Film rare hors Espagne, voir carrément inédit en France, Cérémonie sanglante est pourtant l'un des plus beaux essais du cinéma d'épouvante gothique espagnol. Une œuvre inégale mais élégante, poétique et politique qui rappelle que la filmographie de Jorge Grau mérite vraiment d'être redécouverte.
Comme de trop nombreux cinéastes espagnoles ayant exercé sous le règne de Franco, Jorge Grau n'a jamais vraiment réussi à se faire connaitre à l'étranger, éclipsé par l'imagerie un peu kitch des productions de Paul Nashy et une certaine méfiance (condescende), vi-a-vi d'une culture que beaucoup marient difficilement avec le cinéma de genre. Grau s'est pourtant essayé aussi bien au mélodrame qu'au thriller, voir au giallo avec Pena di muerte, mais s'il est resté dans les mémoires c'est certainement pour son doublet purement fantastique Le Massacre des morts-vivants, presque un chainon manquant entre La Nuit des morts-vivants et le Zombie de Romero, et son très gothique Cérémonie sanglante. Si le premier cité est un film largement contemporain, autant dans les thèmes ouvertement abordés que dans son esthétique plus brute, le second s'apparente ouvertement à une expérimentation stylistique dans la lignée des grandes productions Hammer, des adaptations de Poe de Roger Corman et des voyages morbides de Mario Bava. Couleurs chaudes, teintes saturées, noirs envahissants, décors fastueux et costumes historiques d'une certaine noblesse, cet authentique film gothique ibérique imagine les nouvelles exactions, presque 200 ans après, d'une descente directe de la Comtesse Bathory.

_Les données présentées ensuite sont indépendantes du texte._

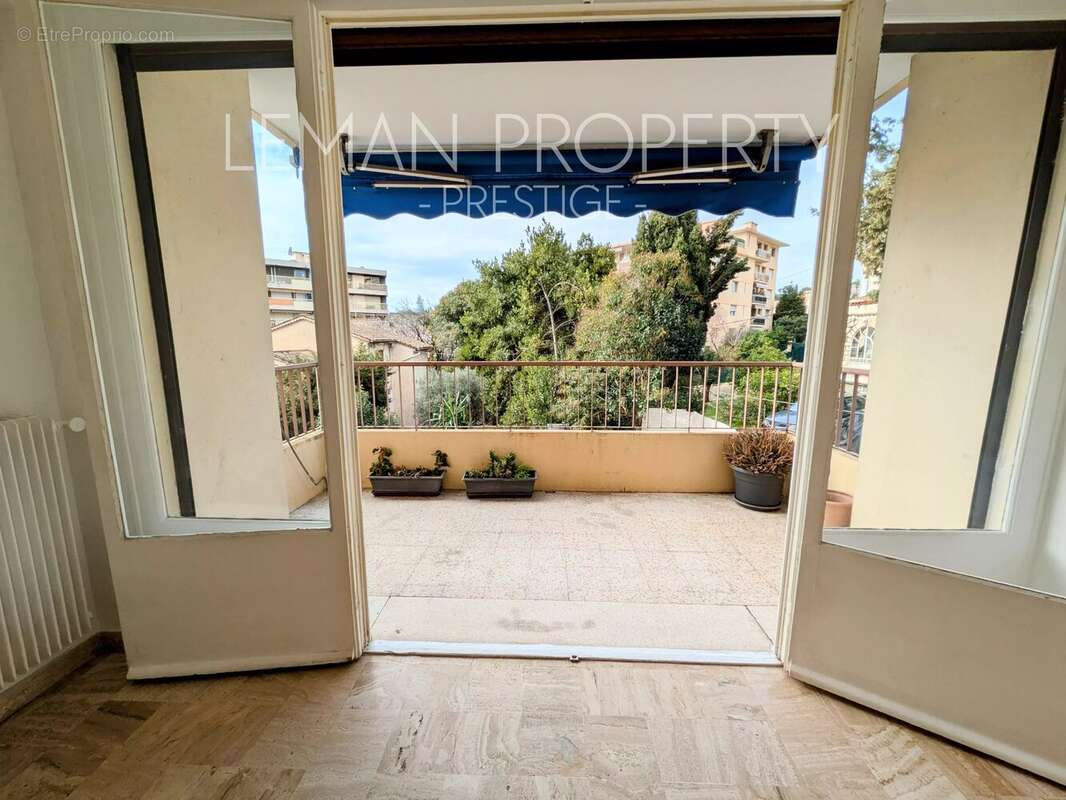 Appartement à LE CANNET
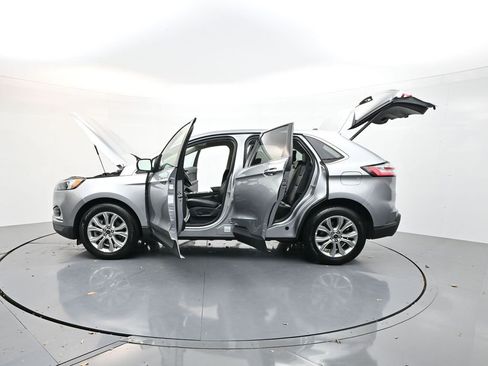 Used 2024 Ford Edge Titanium image 35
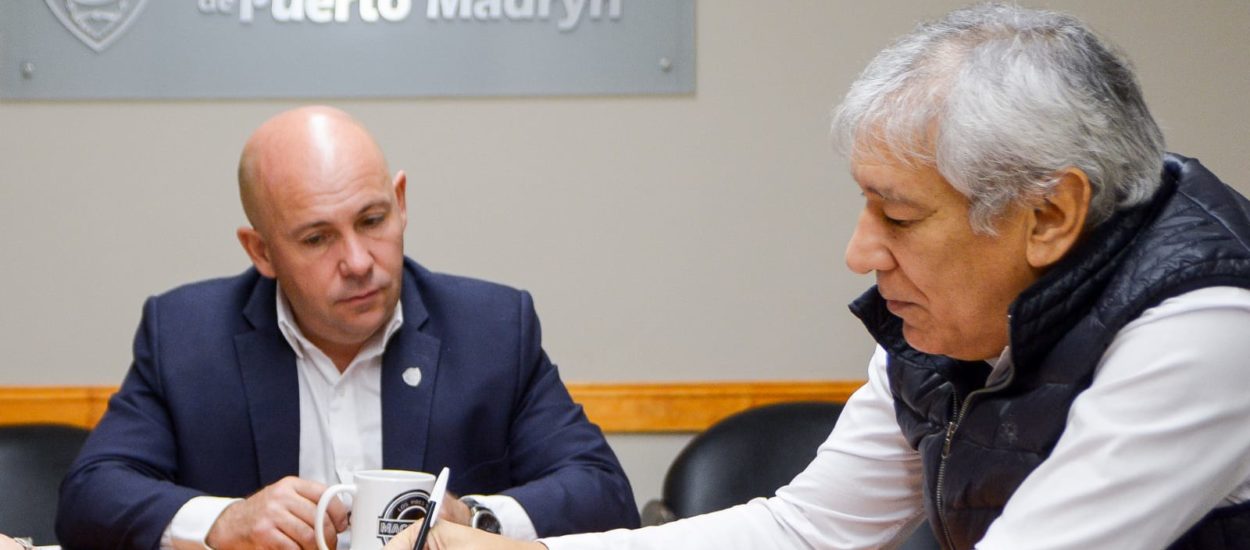 SASTRE FIRMÓ UN CONVENIO CON EL SEC PARA QUE EL MUNICIPIO PUEDA DAR CAPACITACIONES Y REALIZAR ACTIVIDADES EN SUS INSTALACIONES
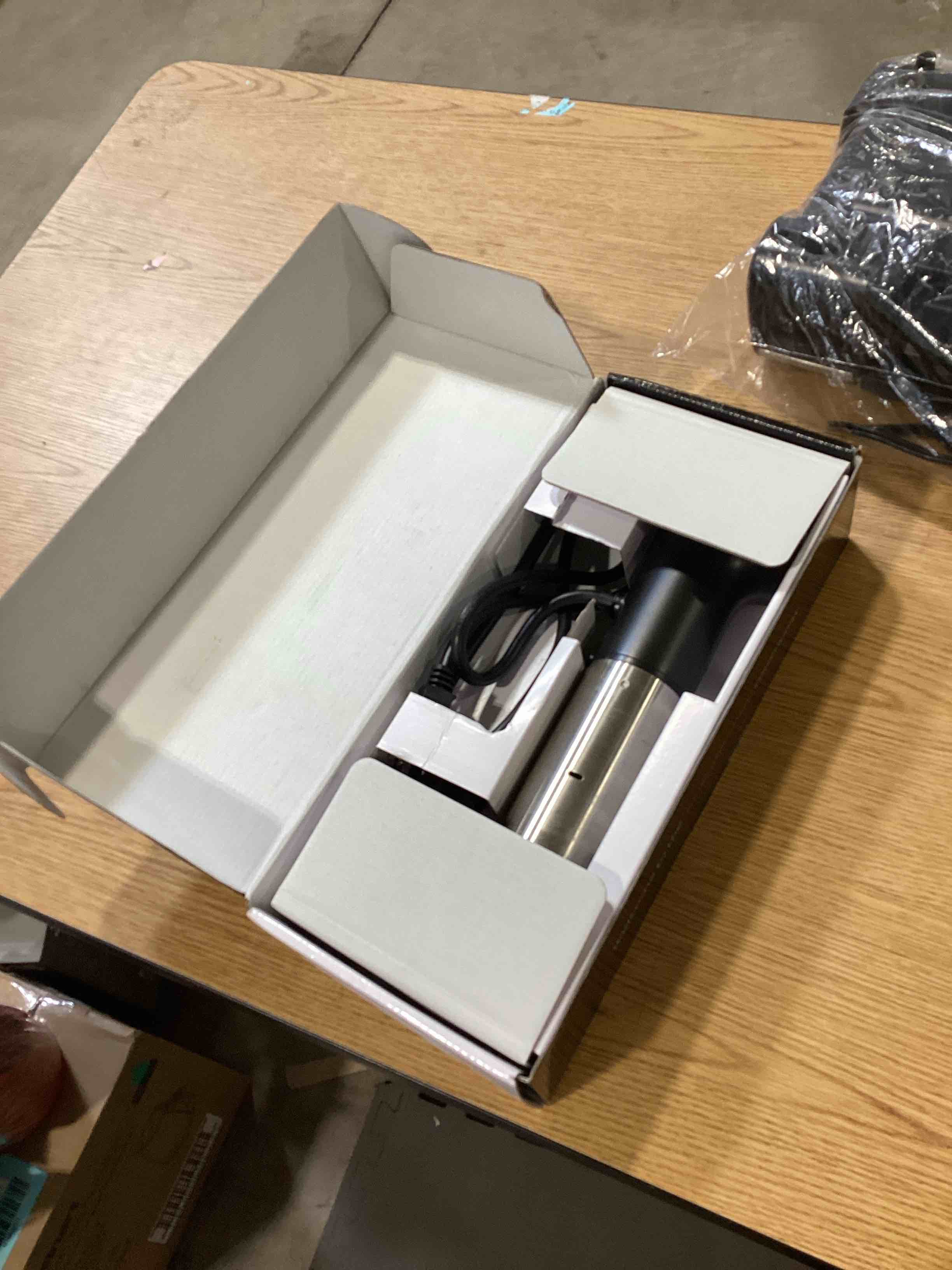 https://s3.amazonaws.com/lotting-images-prod/bidfta/BLU6352087_1717704381399.jpeg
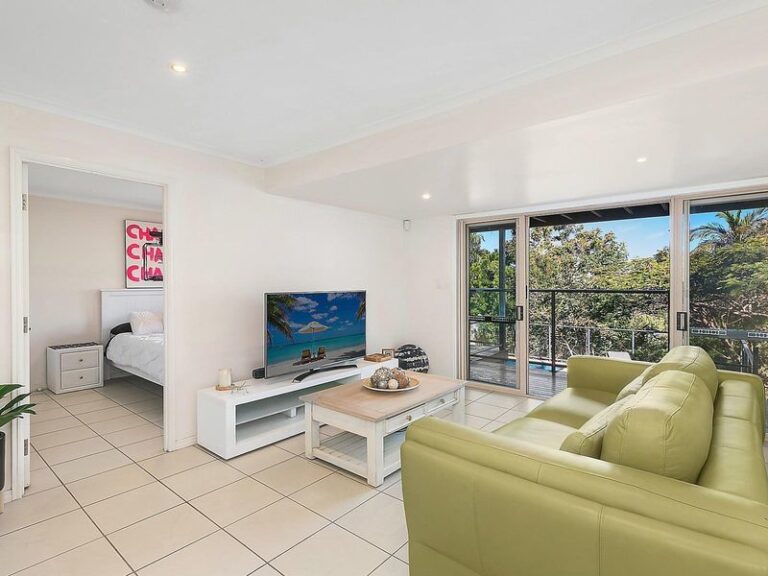 Sold - 33 Tantula Road East - New Property in Alexandra Headland - Real Estate by Chris Pace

Une figure historique autant qu'un mythe, qui a directement inspiré le Carmilla de LeFanu et le Dracula de Bram Stoker, auquel le film ne cesse de se référer mais toujours avec un grand flou volontaire.
Tout comme lorsqu'il s'attaque directement à la figure vampirique, tour à tour pur fantasme de villageois superstitieux, nuage de fumé pour serial killer avant l'heure, damnation post-mortem dûe à un étrange artefact et rituel absurde entrainant des bains de sang récolté sur de pauvres jeunes filles égorgées. Surnaturel ou mélodrame historique, Cérémonie sanglante se refuse à trancher, justement pour mieux appuyer une certaine idée du fantastique, celui du doute et de l'insaisissable, où les allusions récurrentes à la décadence du régime franquiste, son instrumentalisation du bouc émissaire, son ascendance sur les populations pauvres et ses manipulations idéologiques deviennent parfaitement lisibles. L'identité du véritable vampire du film ne fait que peu de mystère. Un cinéaste qui a toujours été engagé, mais qui ne se borne pas à signer ici un brûlot déguisé, Cérémonie sanglante, malgré certaines lenteurs et un rejet notable d'une vraie tension horrifique, est aussi un portrait troublant d'une femme hantée par sa beauté déjà fanée, jalousant celle des pauvrettes qui l'entourent (et en particulier la Ewa Aulin à la moue boudeuse de la comédie Candy). Digne, forte, mais terriblement meurtrie, Lucia Bosé (Le Testament d'Orphée, Satyricon) est sublime et impériale en sorcière de Blanche Neige (les jeux avec le miroir ne sont pas innocents) plus touchante qu'effrayante, décrite constamment ici comme un bourreau mélancolique tentant désespérément de rattraper ce quelle a déjà perdu. La séquence finale sera sans appel.